En effet, il m'a toujours semblé qu'elle était le ressort quasi unique de ces jeux et concours (le Loft, Greg le millionnaire, Koh-Lanta, l'île de la tentation, la ferme des célébrités, Star académie, le maillon faible, qu'est-ce que j'oublie?) C'est l'immoralité de ces jeux et mises en scène divers qui m'a choquée dès le début. Ce n'est pas la bêtise ou l'inculture ou la vulgarité des candidats que je trouvais (que je trouve) navrantes, puisqu'aussi bien ils étaient choisis précisément selon ces critères, c'est que des personnes plus intelligentes qu'eux (mais pas nécessairement moins vulgaires), les organisateurs, les producteurs, aient pu inventer des jeux aussi imbéciles ou dégradants, aient pu délibérément humilier, avec leur consentement —et qu'ils aient eu un trop petit Q.I. pour se sentir humiliés rend-elle la chose plus ou moins cruelle?—, des jeunes gens ou des adultes pas bien malins, prêts à tout pour un quart d'heure de gloire ou quelques milliers d'euros, et faire rire d'eux ou s'identifier à eux ou faire rêver d'être à leur place (quel est le pire?) des milliers de téléspectateurs.
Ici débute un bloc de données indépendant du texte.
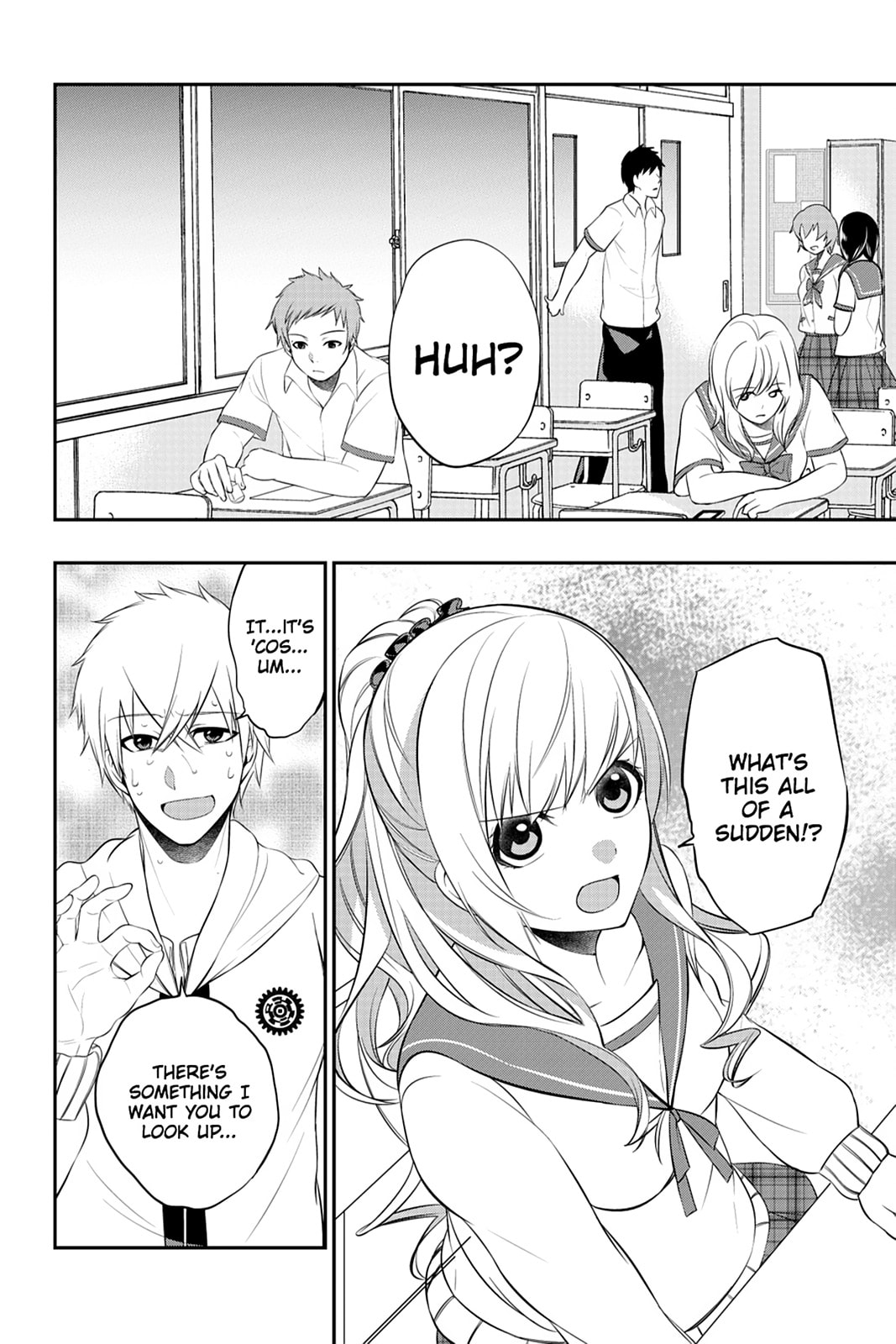 Read Strike the Blood chapter 7 image 15 on Lezhin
A-t-on jamais réfléchi par exemple au mécanisme très particulier du "maillon faible", où il importe d'éliminer non seulement les mauvais, les boulets, mais aussi, de façon plus subtile, les bons, les meilleurs que soi? Il s'agit de rester entre médiocres, dans une médiocrité juste assez brillante pour flairer le danger que représentent les candidats meilleurs que soi, dans une médiocrité moyenne entre médiocres moyens. L'immoralité, ici, vient du fait que l'excellence n'est ni reconnue, ni récompensée, ni désirable. Elle devient une tare. L'immoralité du "maillon faible", à mes yeux le plus immoral de tous ces jeux, est qu'elle habitue les téléspectateurs à considérer la supériorité intellectuelle, culturelle ou morale comme un danger: nous allons perdre si nous laissons des gens avec davantage de connaissances et de compétences vivre parmi nous.
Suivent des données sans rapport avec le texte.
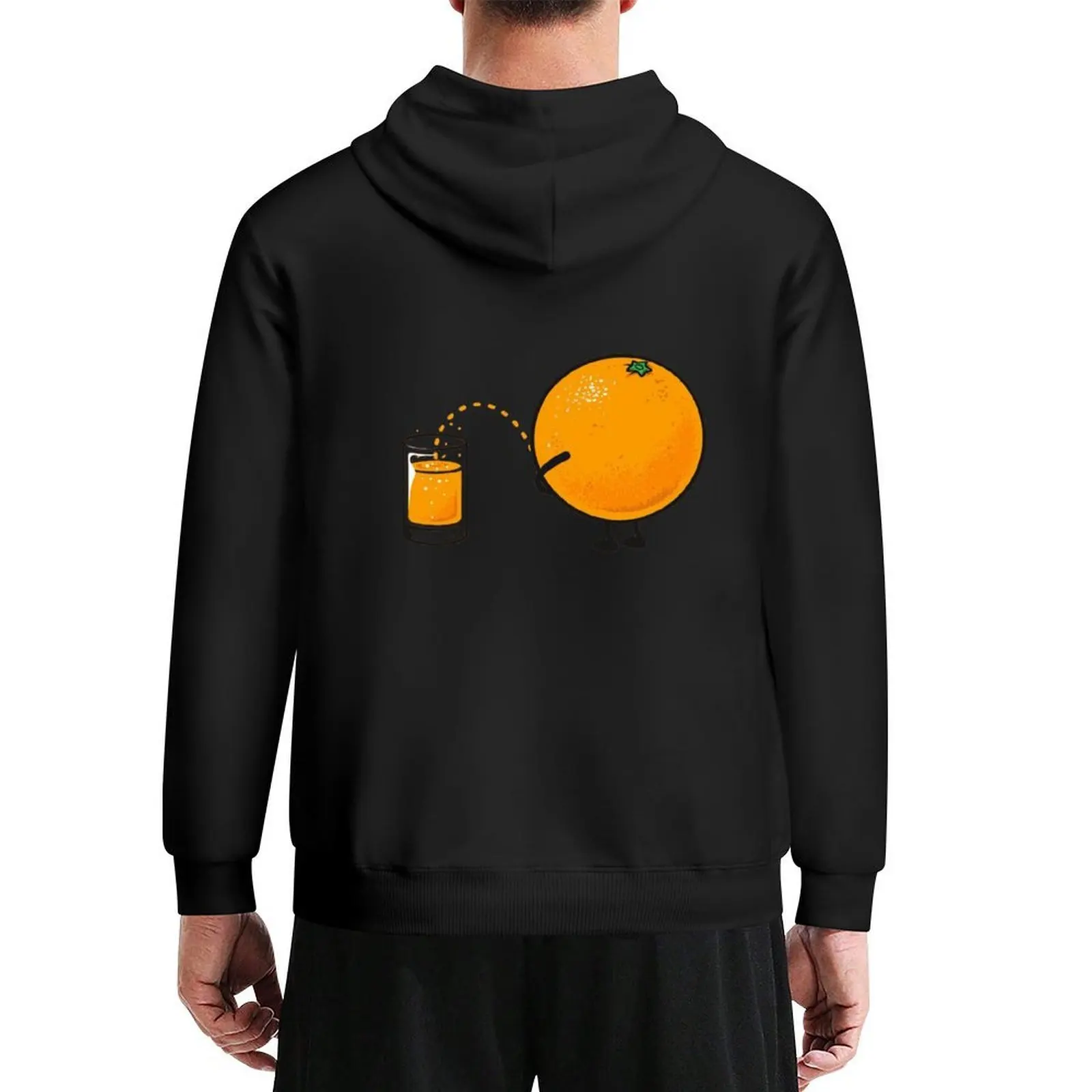 

ORANGE JUICE Hoodie mens clothing anime clothing men's winter sweater korean clothes japanese hoodie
Je songeais à tout cela en regardant grâce à par la faute de Tlön Ségolène Royal se déclarer candidate à la présidence de la République.
Je ne l'avais jamais vue à la télévision, jamais entendue, avant dimanche; je ne connaissais d'elle que des photos, des phrases, et les commentaires goguenards qu'elle suscite régulièrement. Sans bien comprendre l'engouement dont elle est l'objet depuis le printemps, j'imaginais qu'elle avait une voix, une présence, un certain charisme, quelque chose d'inexplicable qui aurait expliqué pourquoi tant de gens l'aimaient.
J'imaginais qu'il y avait une raison, irrationnelle certes, mais une raison.
Une fois de plus j'étais naïve.
Elle parle mal, son débit est haché, elle se tortille et se balance, elle dit des phrases incompréhensibles, elle apostrophe Jean-Noël (mais qui est-ce?), se réjouit des foules "sentimentales et joyeuses"… Je n'arrive pas à y croire. Dites-moi que ce n'est pas vrai, comment cela est-il possible?

Finalement je crois avoir compris. Les Français, tout au moins un nombre important d'entre eux, sont en train de choisir leur candidat préféré à la Star'Ac. Ils ont éliminé les bons, les mauvais, ont conservé un candidat médiocre, comme on leur a appris à le faire depuis quelques années.
Il faudrait peut-être leur rappeler ou leur apprendre qu'ils ne sont pas en train de choisir quelqu'un pour six mois qui enregistrera un disque ou gagnera cent mille euros, mais quelqu'un qui sera président cinq ans et exercera de très lourdes responsabilités en politique intérieure comme extérieure.

Je suis très inquiète, depuis dimanche. Je viens juste de prendre la mesure des dégâts.